Several former Clippers players have claimed that Sterling would often barge into their locker room and either degrade the players or make comments that made them feel uncomfortable. One former member even claimed that Sterling would tell his guests to look at the players’ ''beautiful black bodies.''
Sterling’s recent comments may have shocked many people, but not those associated with him through the NBA. Clippers general manager Elgin Baylor says that Sterling’s behavior is not out of the ordinary for him and that the NBA has let similar incidents slide on several occasions.
''It put a smile on my face that finally he would be unable to deny the racist allegations against him,'' said Carl Douglas, a lawyer who represented former Clippers general manager Elgin Baylor in a lawsuit against Sterling.
''This is a guy who, as the owner, sits courtside at the half-court line,'' Douglas added. ''No other owner sits like that.

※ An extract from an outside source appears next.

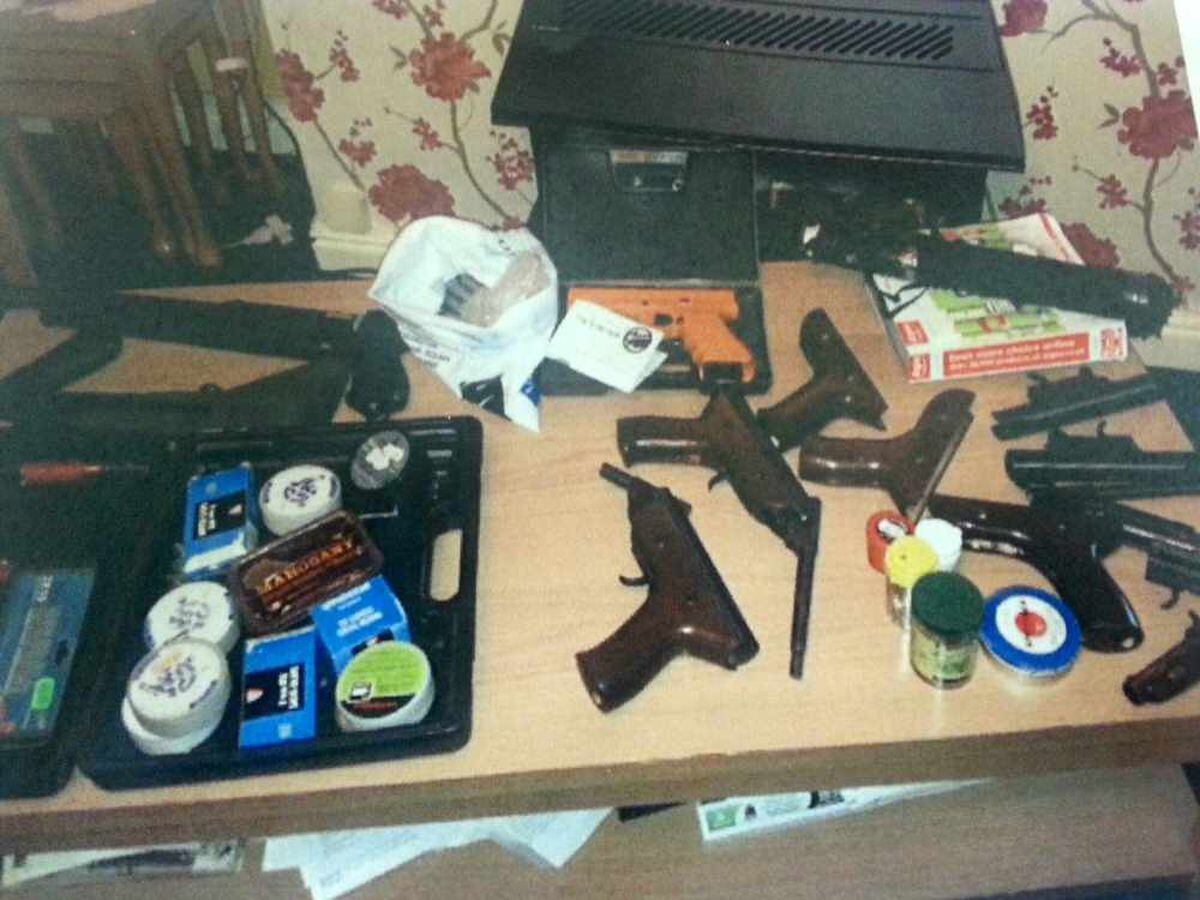 The weapons found in Harry Street's home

He has an ego the size of the Grand Canyon.''
Justice may have finally been served by NBA Commissioner Adam Silver, who banned Sterling from the NBA for life and fined him the maximum $2.5 million. Many people are hoping that Sterling will have to sell his team, but Silver does not have the power to make him do so.
Other team owners will vote on the issue and if at least 75% agree he should sell the team, he will have to do so. Sterling likely won’t go down easily and could make things very complicated for the NBA by arguing that he was not the person heard on tape making the racist comments.
“The NBA must also be concerned about the possibility of Sterling suing the NBA and owners, such as for breach of the Clippers franchise agreement or for violations of federal and state antitrust law,” said Michael McCann, founding director of the Sports and Entertainment Law Institute at the University of New Hampshire School of Law.
“A potential antitrust claim by Sterling against the NBA would be that his competitors (other NBA owners) and the NBA have conspired to expel him. By doing so, the logic goes, Sterling would have to sell his team at less than market value because prospective buyers would know that Sterling "has to" sell. As a result, he would attract lower bids.”
Do you think Sterling will be forced to sell the team and do you think his punishment is fair?